Since first opening its doors in 2001, Patagonia Portland has been a gathering place for outdoorspeople looking to gear up for mountain summits, camping trips, or simply surviving long, rainy winters in the Pacific Northwest. In that time the store has also become a focal point for environmental protection efforts both in Oregon and nationwide.
This is, of course, in keeping with the company’s overall commitment to environmental stewardship (Patagonia, Inc. raised over $10 million during its 2016 Black Friday sales, all of which is earmarked for environmental grants). But the Portland store in particular has made grassroots activism —and relationships with local conservation groups—part of its business model.
“As a brand promoting outdoor recreation, it’s a priority for us to help protect some of these wild places,” says Aaron Altshuler, manager of the Patagonia Portland store. “Ultimately, the wellbeing of these ecosystems is vital not only to our health as local residents, but also to the health of the entire outdoor industry.”
To this end, Wild Salmon Center and Patagonia Portland have worked together for over five years to conserve some of Oregon’s most important wild salmon and steelhead watersheds—many of which can be found in the nearby Tillamook, Clatsop, and Elliott State Forests.
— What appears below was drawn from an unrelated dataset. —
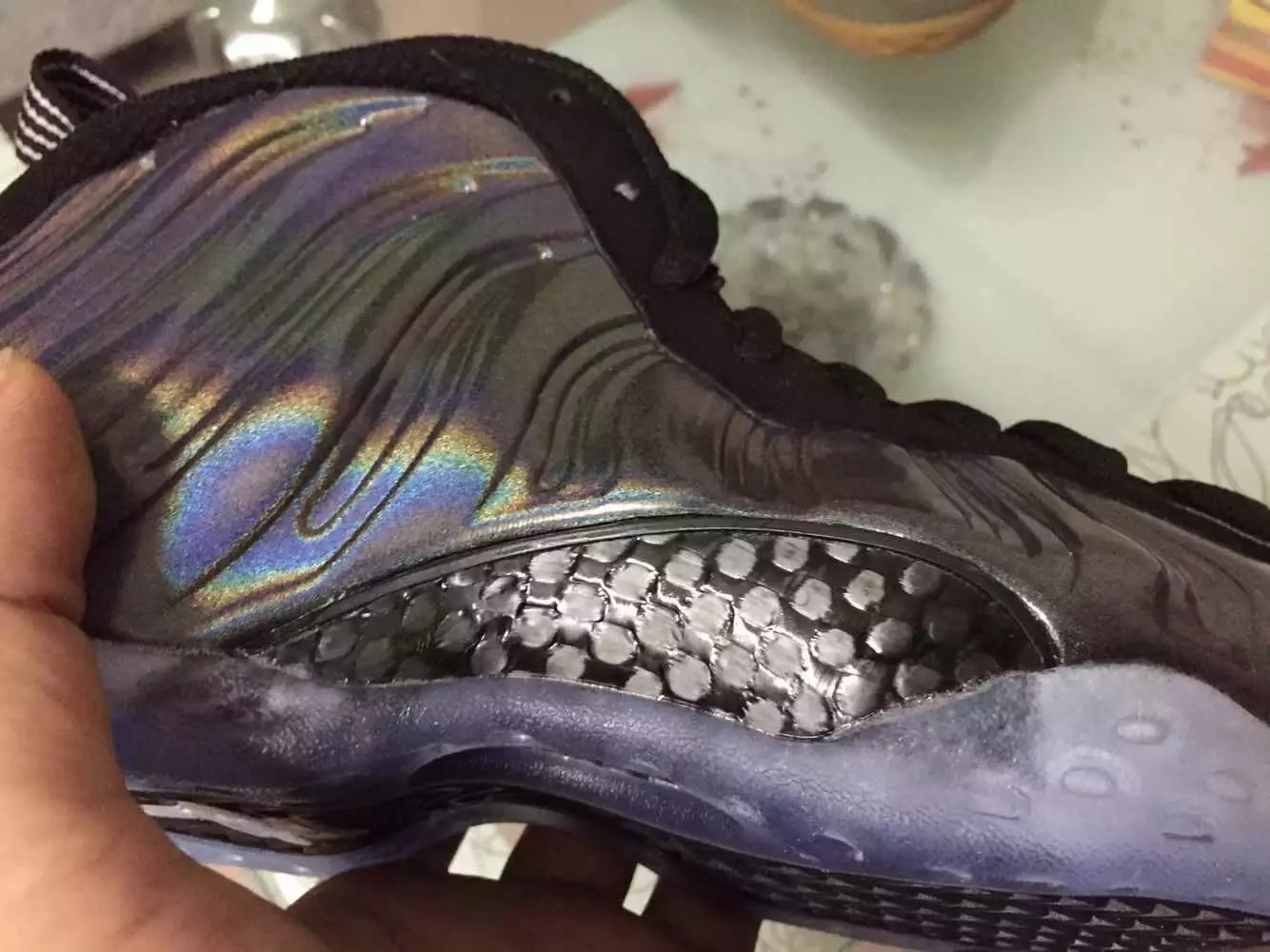 Hologrammi Nike Air Foamposite One 2015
Since 2012, the store has helped WSC convene conservation-minded locals and drive action by hosting outreach events, funding educational short films, sponsoring outings to focus watersheds, and donating gear for special giveaways and fundraising campaigns.
Most recently, Patagonia Portland stepped up as major supporters of WSC’s efforts to prevent the sale of Oregon’s Elliott State Forest to a private logging company. The store highlighted the Elliott issue during the unveiling of its new downtown location, made a special $10,000 grant in support of the campaign, and hosted a night of activism to educate Portlanders about the Elliott and inspire them to contact their elected officials.
“We’re thrilled to support WSC’s work and to provide a platform where they can amplify their voice, bring people together, and inspire greater protection for these places that will benefit our kids and grandkids,” says Altshuler. “Old-growth forests, clean rivers, and abundant fish are hallmarks of the Pacific Northwest – and we want to make sure it stays that way.”